5. What data and command can the vg dev team use to make the problem happen?

I made two toy example sam files from the actual sam file I was trying to run through. Each of them had a single non-header line from the original sam file. One of them was a mapped read (i.e., RNAME != "") and the other was an unmapped read (i.e. RNAME == ""). The sam file containing a single mapped read successfully converted to gam but the sam file containing a single unmapped read gave the same error as running on the whole file.

Therefore, it appears that the problem is that vg inject doesn't know how to handle unmapped reads, at least in sam format.
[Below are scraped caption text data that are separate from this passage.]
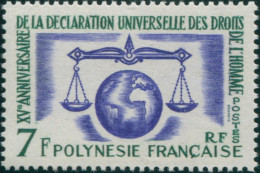 French Polynesia 1963 Sc#206,SG31 7f Human Rights MLH - Autres & Non Classés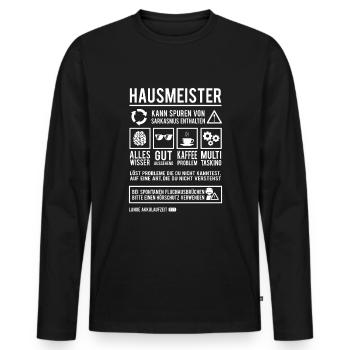 Hausmeister Lustiges Hauswart Facility Manager - Männer Premium Bio Langarmshirt - Schwarz - Vorne - Nico (187cm)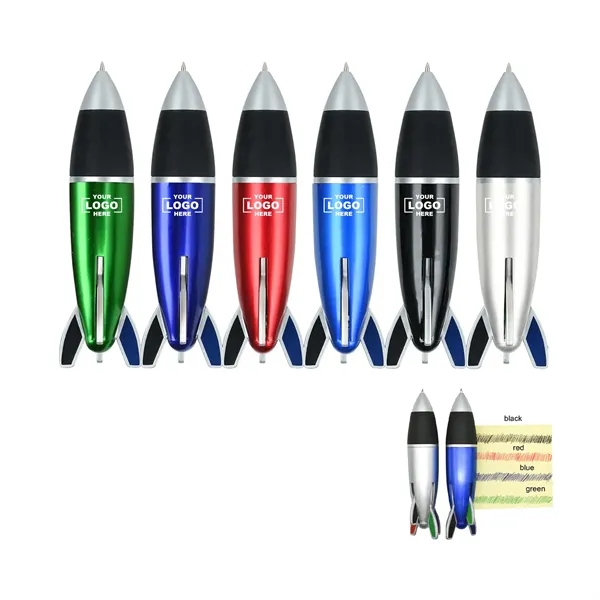 4 in 1 Multicolor Rocket Ballpoint Pen with Rubber Grip - 4 in 1 Multicolor Rocket Ballpoint Pen with Rubber Grip - Image 0 of 3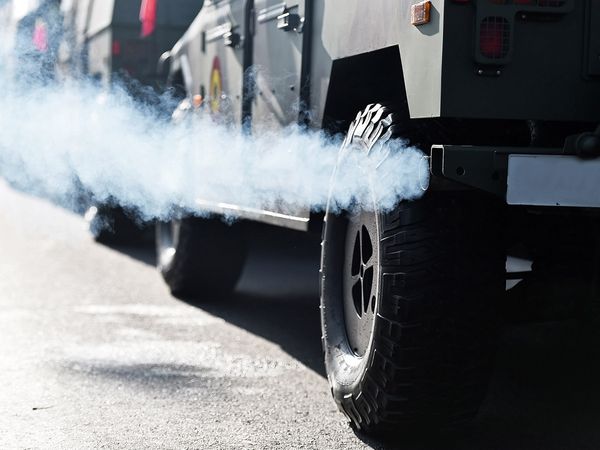 Truck emitting a significant amount of smoky exhaust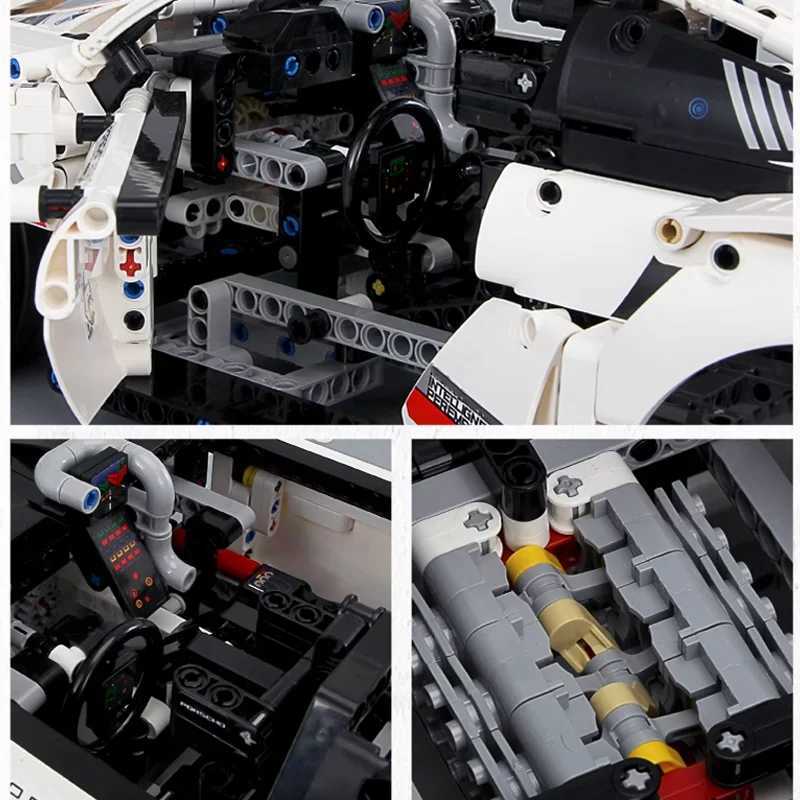 New 1580PCS Remote Control Car Building Set 1 10 Technical Sport Racing Car Building with Motor and LED Light Kit Toy Adult Gift Y250701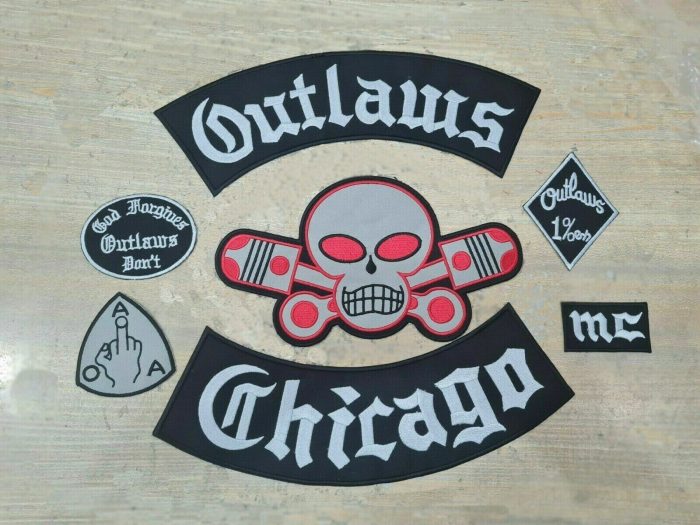 Outlaw Chicago Forgives Biker Patch Embroidered Iron On Rider Full Set Clothing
To be more exact, here are the commands I used:

$ vg paths -F -Q '[genomeName]#0#' -x pangenome.gbz > [genomeName].paths.fa
$ minimap2 -ax sr [genomeName].paths.fa reads.fastq.gz > aligned.sam
$ vg inject -x pangenome.gbz aligned.sam > aligned.gam
[vg::alignment.cpp] error: alignment references path not present in graph: 
$ samtools view -H aligned.sam > header.sam
$ samtools view aligned.sam | head -n 1 > one_read_mapped.sam
$ awk '!/^@/ && $3=="*"' aligned.sam | head -n 1 > one_read_unmapped.sam
$ cat header.sam one_read_mapped.sam > test_mapped.sam
$ cat header.sam one_read_unmapped.sam > test_unmapped.sam
$ vg inject -x pangenome.gbz test_mapped.sam > aligned.gam
[worked]
$ vg inject -x pangenome.gbz test_unmapped.sam > aligned.gam
[vg::alignment.cpp] error: alignment references path not present in graph: 

6. What does running vg version say?

vg version v1.47.0 "Ostuni"
Compiled with g++ (Ubuntu 9.4.0-1ubuntu1~20.04.1) 9.4.0 on Linux
Linked against libstd++ 20210601
Built by anovak@octagon
jeizenga commented 1 year ago

It was an easy fix. Should be resolved in the master branch now. Thanks for the bug report!